Supply chain organizations wage a constant battle against volatile demand, and for good reason. An unexpected spike in orders, for example, has expensive consequences in labor and distribution costs. Similarly, inaccurate sales forecasts can lead to stock-outs, lost sales, or excess inventory that must be sold at a discount. Sales and supply chain groups therefore devote significant energy to creating sophisticated planning and forecasting processes in an attempt to predict demand volatility—and blame each other when things go awry.

When these groups work together more closely, they can move beyond the traditional planning-cycle blame game, discover the root causes of volatility, and ultimately begin to influence it. This approach brings tangible business benefits—often quickly. Crucially, over the longer term, the experience that groups gain from flexing their collaborative muscles heightens the ability to react quickly, and in a concerted way, to unforeseen events. That skill will be even more necessary given the increasing uncertainty in the supply chain environment. Here are two examples that illustrate the potential.

The first involves an automotive supplier whose sales teams often scrambled to meet quarterly targets that would guarantee them better performance bonuses. Customers recognized this behavior and, in some cases, were gaming the system by withholding orders until the end of the quarter to secure deeper discounts—creating supply chain headaches and hurting the company’s bottom line. The vice president of sales and the supply chain head collaborated to fix this problem and make demand more predictable. One key step: substantially trimming end-of-quarter discounts and instead using a price and discount structure based on sales volumes, product loyalty, and participation in promotional efforts. The company also created new incentives to encourage sales teams to spread sales more evenly across the quarter.

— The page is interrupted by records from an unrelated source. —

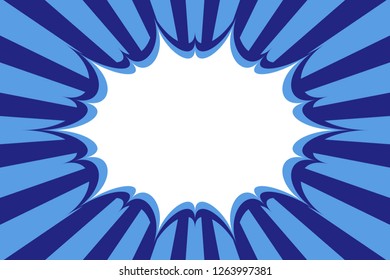 Party event material, for title space and message space with speed sense, American comic speech space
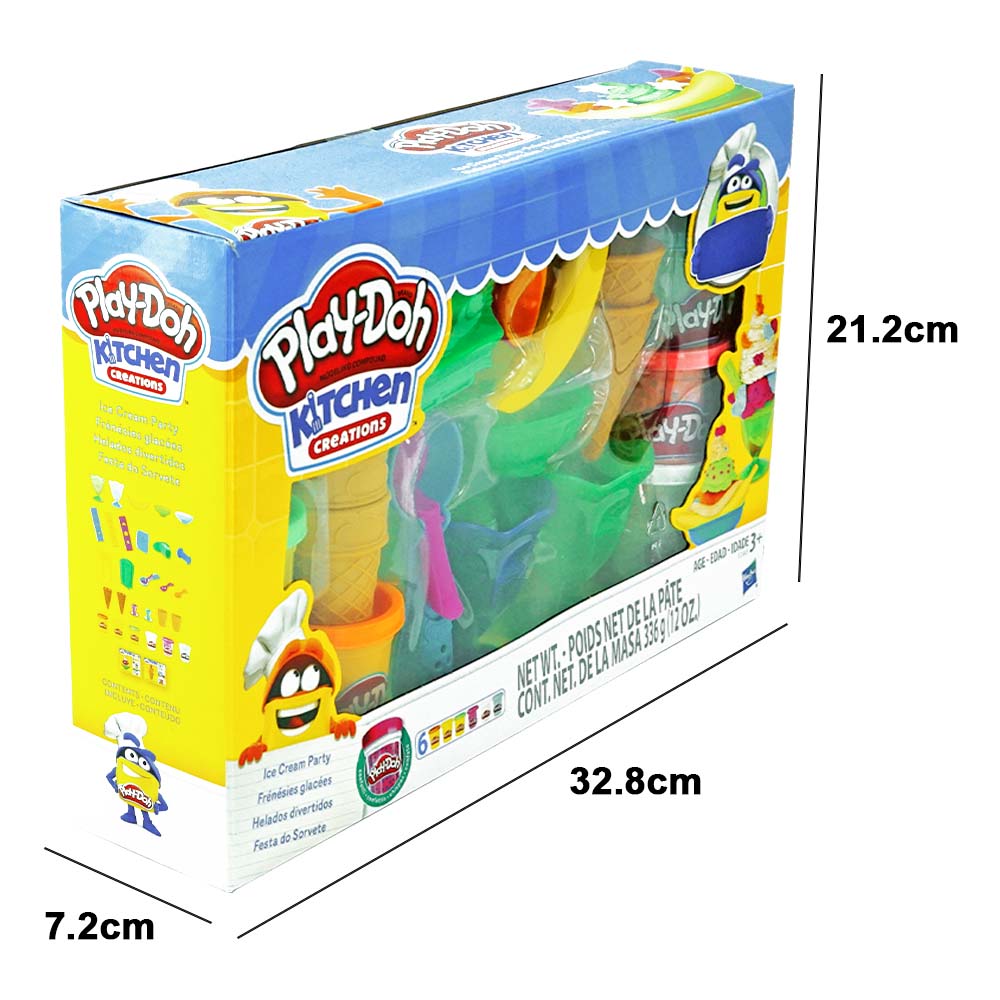 Kit Fiesta de Helados Divertidos Hasbro E2385  Play Doh 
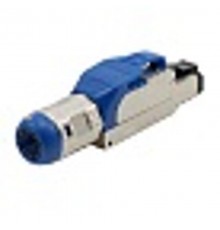 PLUE-8P8C-S-C8-SH-BL Разъем полевой оконцовки RJ-45 (8P8C) под витую пару, для одножильного кабеля, toolless, категория 8, экранир 403353  Hyperline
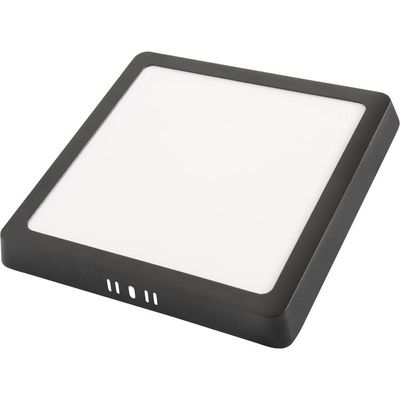 Plafon Fita Led Tramontina Quadrado De Sobrepor Preto 12 W 4000 K 840 Lm Luz Neutra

Our second example involves a global manufacturer of consumer packaged goods. This company discovered that promotional activity in just five customer accounts drove most of its demand volatility. Although it carefully planned the promotions to maximize revenues, its marketers hadn’t thought about the impact on the supply chain. By staggering the promotions over several months and aligning them carefully with baseline demand patterns, the company reduced the overall volatility of demand by 25 percent.

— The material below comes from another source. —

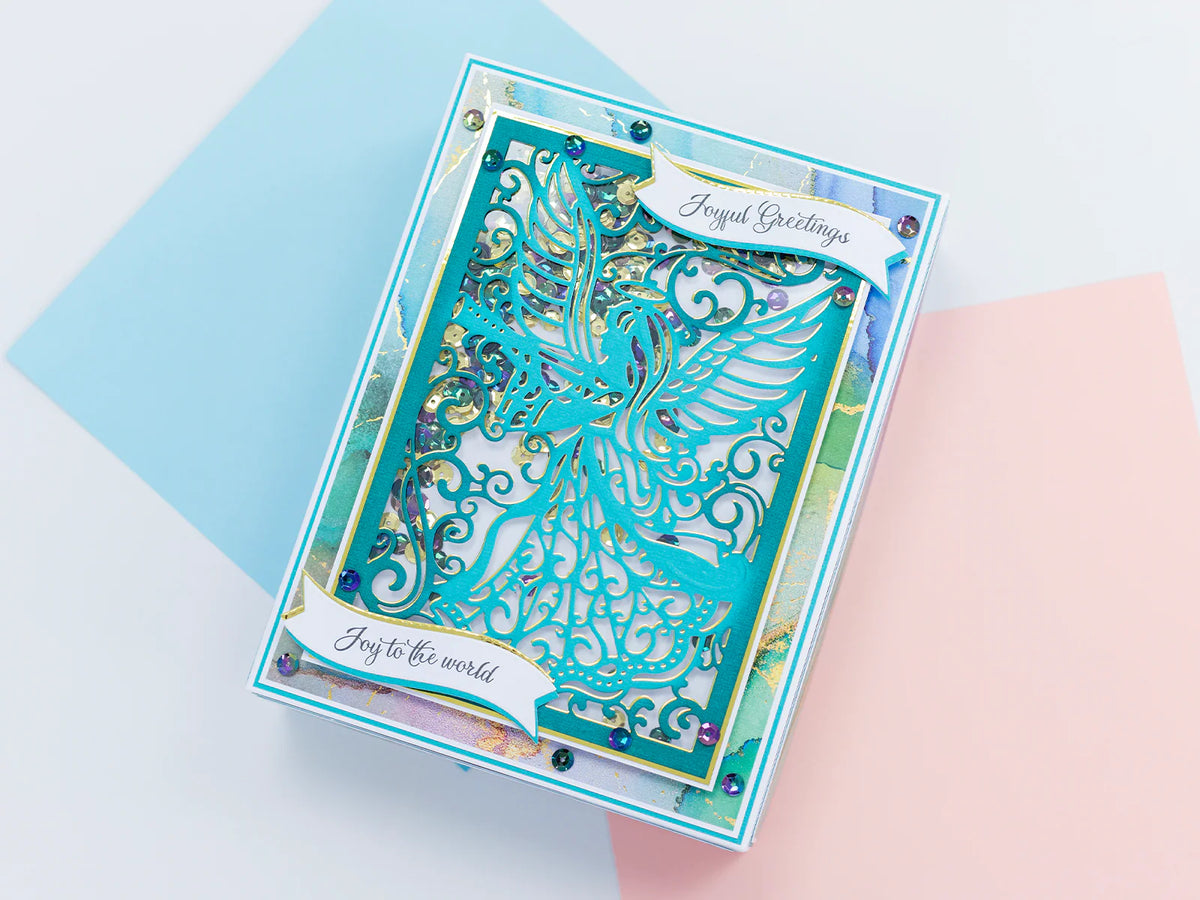 Crafter Companion Joyous Angel Stamp and Die - Joy to the World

When the company rolled out the new promotions plan, its managers identified another problem: many customers lacked the resources to manage their order levels efficiently and therefore sporadically placed unnecessarily large orders. The company responded by bringing together its sales and supply chain personnel and working with these customers to create better ordering processes for them. In this way, it smoothed the flow of orders—a move that benefitted both parties.

Problems like these are endemic in many supply chains. By tackling these problems, companies often enjoy immediate benefits while building collaborative capabilities that will be crucial over the long term in the more complex and uncertain supply chain environment of the future.